# Applications of Linear Equations - Miscellaneous Solved Examples

In this section, we will discuss how to use the concept of pair of linear equations in applied situations.

**Example 1: **Five years ago, the age of Niraj was seven times that of his son Girish. Five years from, his age will be three times that of his son. What is the ratio of their ages today?

**Solution:** Let the ages of Niraj and Girish be *x* and *y* respectively. Then, their ages five years ago would have been:

\[x - 5,\;y - 5\]

And their ages five years from today will be:

\[x + 5,\;y + 5\]

From the information given in the problem, we have:

\[\begin{array}{l}\left\{ \begin{array}{l}x - 5 = 7\left( {y - 5} \right)\\x + 5 = 3\left( {y + 5} \right)\end{array} \right.\\ \Rightarrow \qquad x - 7y + 30 = 0\\ \qquad\quad x - 3y - 10 = 0\end{array}\]

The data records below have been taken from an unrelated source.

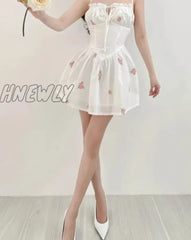 Hnewly Cutenew Women’s Spaghetti Straps Lace-Up Mini Dress Sexy Backless Sleeveless Slim A-Line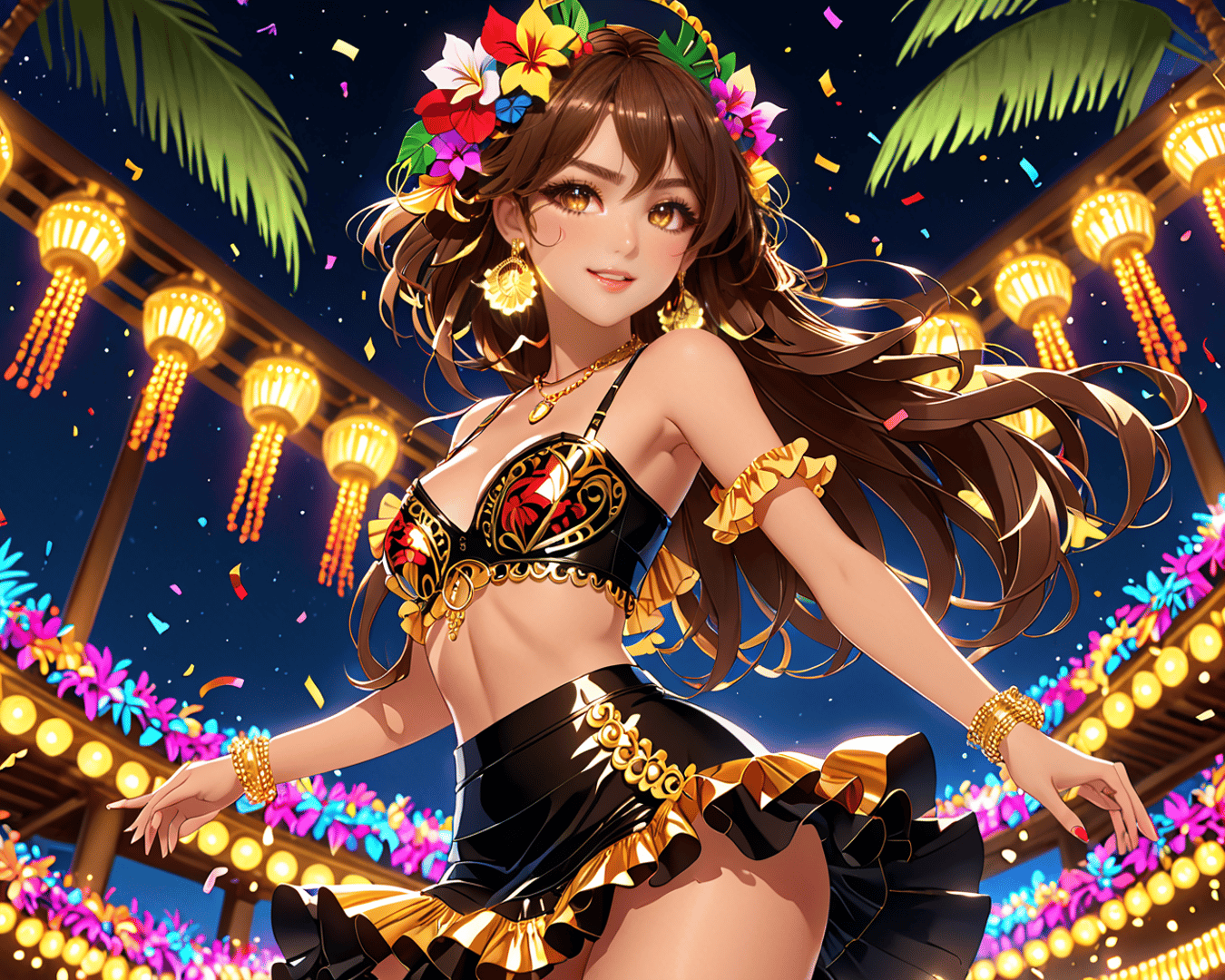 AI generated wallpaper featuring woman, dancer, lantern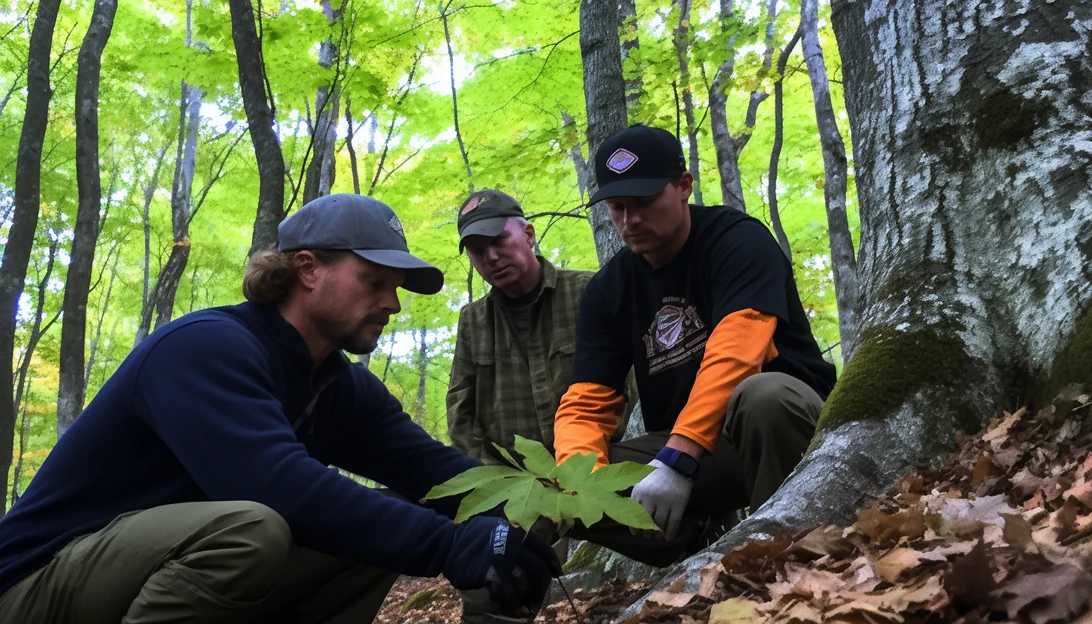 A group of Vermont forest health specialists examining a beech tree, deep in conversation as they discuss strategies to combat the spread of Beech Leaf Disease. Taken with a smartphone camera.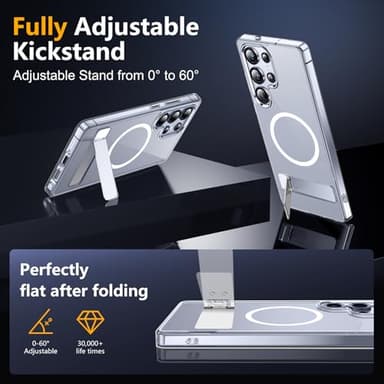 SPIDERCASE Only for Samsung Galaxy S25 Ultra Case, Magnetic with [3 Stand Ways][ Military Grade Drop Protection] with Invisible Stand Shockproof Slim Case for S25 Ultra 5G 6.9'',Clear - Image 6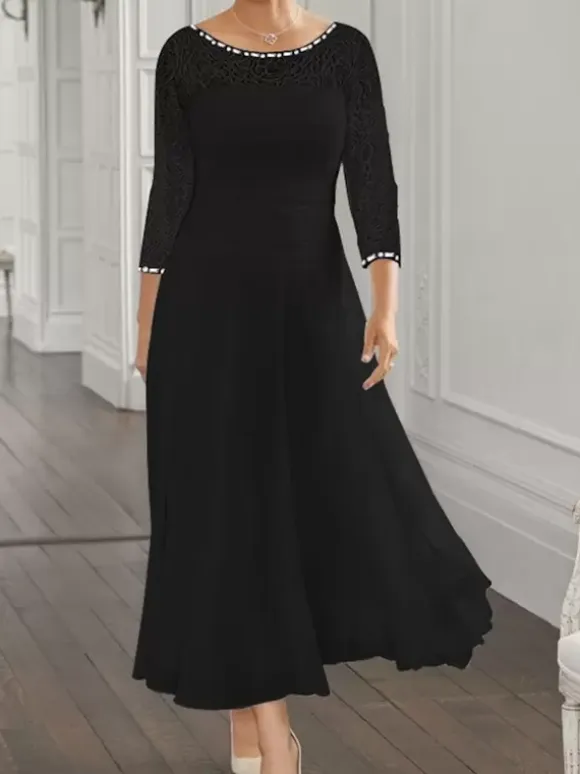 Party Dress For Mother Of The Bride Jewel Neck Long Sleeves A-Line Lace Guest Dresses For Wedding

Subtracting the two equations, we have:

\[\begin{array}{l} - 4y + 40 = 0\\ \Rightarrow y = 10\end{array}\]

Plugging this value of *y* back into the first equation, we have:

\[\begin{array}{l}x - 5 = 7\left( {y - 5} \right)\\ \Rightarrow \qquad x - 5 = 7\left( {10 - 5} \right) = 35\\ \Rightarrow \qquad x = 40\end{array}\]

Thus, their present ages are 40 years and 10 years.

**Example 2: **The cost of 2 pencils and 3 erasers is ₹ 9, while the cost of 5 pencils and 4 erasers is ₹19. What is the cost of each pencil and each eraser?

**Solution:** Let the cost of each pencil and each eraser be *p* and *e* respectively. Thus, we have:

\[\begin{array}{l}2p + 3e = 9\\5p + 4e = 19\end{array}\]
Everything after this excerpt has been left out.